What the task asks:
Your answer should be the lines below from the one with "Alopecia Areata Falhas" to the one with "Bello Capello: Clinical", both included, given again exactly and with nothing added.

Records to use:
▬▬▬▬▬▬▬▬▬▬

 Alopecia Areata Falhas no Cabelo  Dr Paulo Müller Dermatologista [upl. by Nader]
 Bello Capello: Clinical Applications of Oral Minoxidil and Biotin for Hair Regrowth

▬▬▬▬▬▬▬▬▬▬

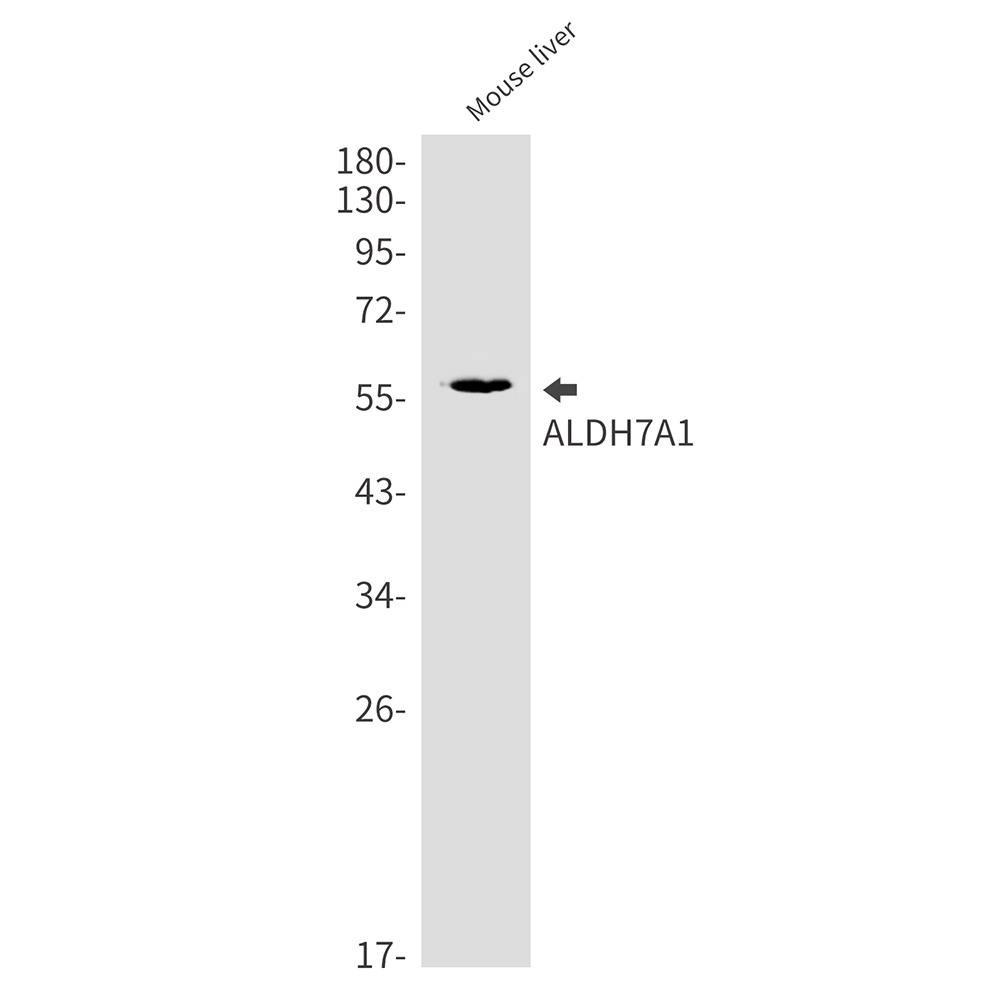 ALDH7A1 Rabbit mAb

▬▬▬▬▬▬▬▬▬▬

Finished exercise:
 Alopecia Areata Falhas no Cabelo  Dr Paulo Müller Dermatologista [upl. by Nader]
 Bello Capello: Clinical Applications of Oral Minoxidil and Biotin for Hair Regrowth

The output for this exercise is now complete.